About this exercise:
Make an exact copy of the whole listing, but leave its pictures out.

The data:
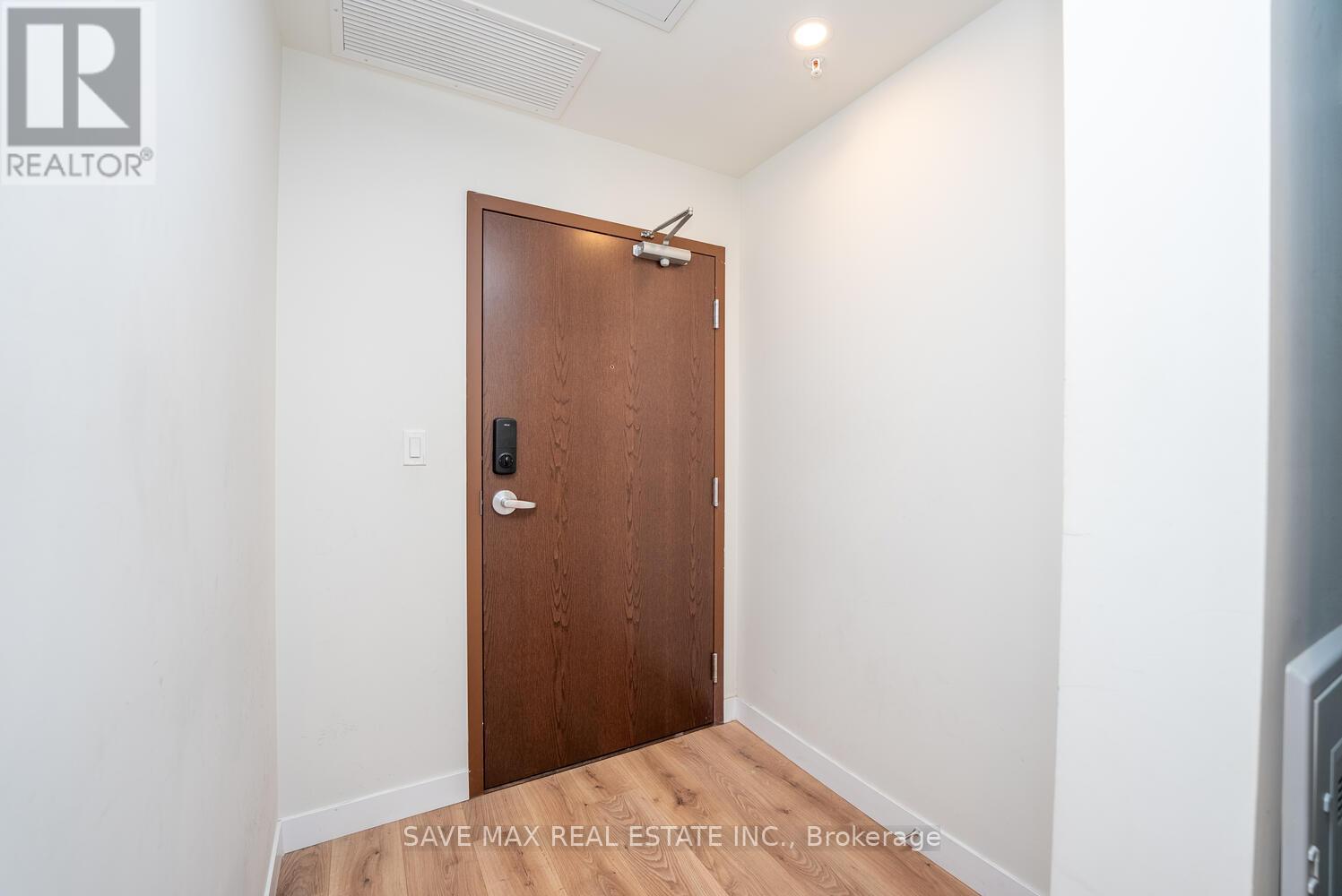 3109 - 60 Frederick Street, Kitchener, Ontario  N2H 0C7 - Photo 6 - X12361102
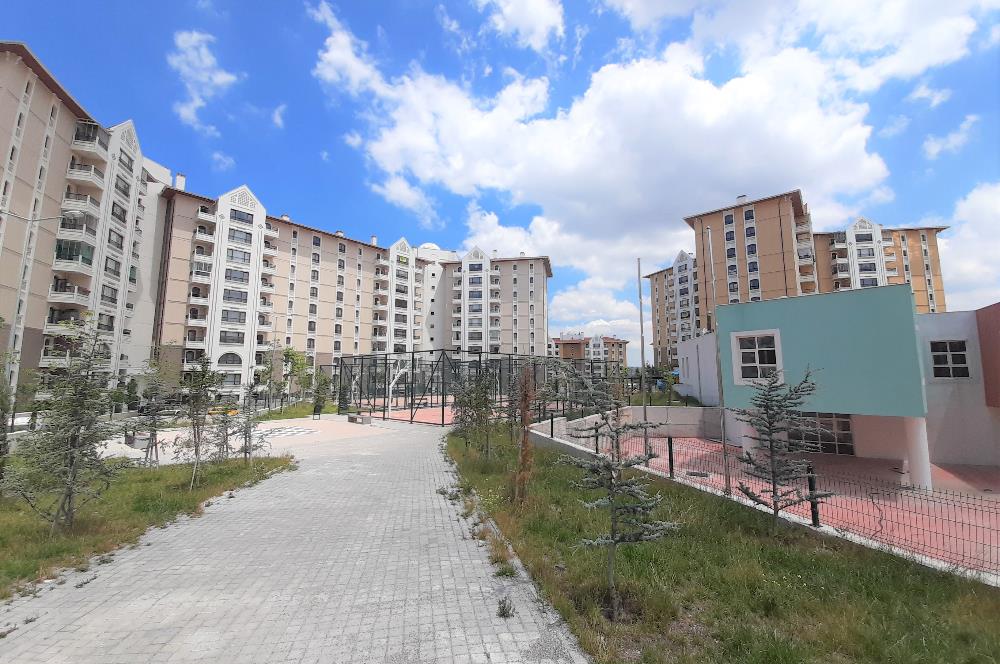 809 ETAP / 3+1 / CADDE ÜSTÜNDE MERKEZİ KONUMDA GİRİŞ KAT SATILIK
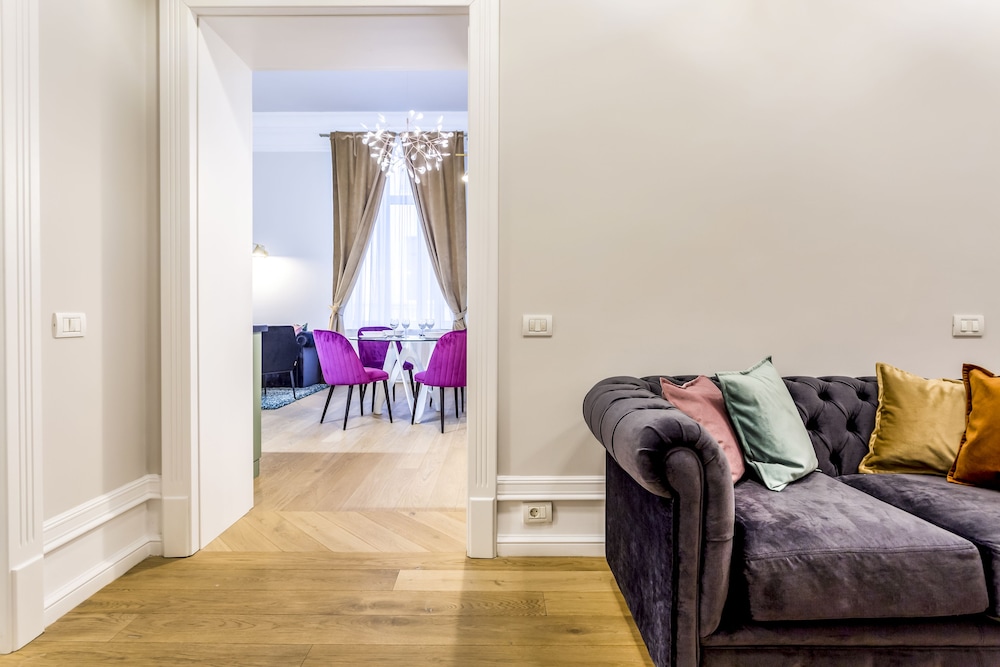 Matisse Bucharest Old Town - Image 4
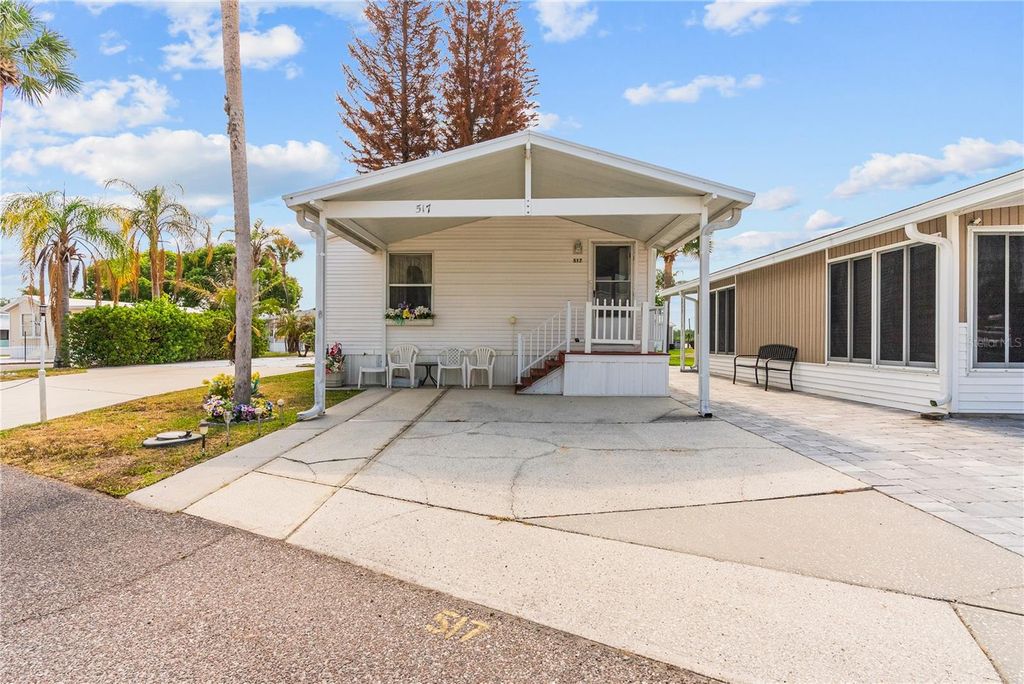 Photo of 9000 Us Highway 192 #517, Clermont, FL 34714 (MLS # S5148782)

Answer below:
 3109 - 60 Frederick Street, Kitchener, Ontario  N2H 0C7 - Photo 6 - X12361102
 809 ETAP / 3+1 / CADDE ÜSTÜNDE MERKEZİ KONUMDA GİRİŞ KAT SATILIK
 Matisse Bucharest Old Town - Image 4
 Photo of 9000 Us Highway 192 #517, Clermont, FL 34714 (MLS # S5148782)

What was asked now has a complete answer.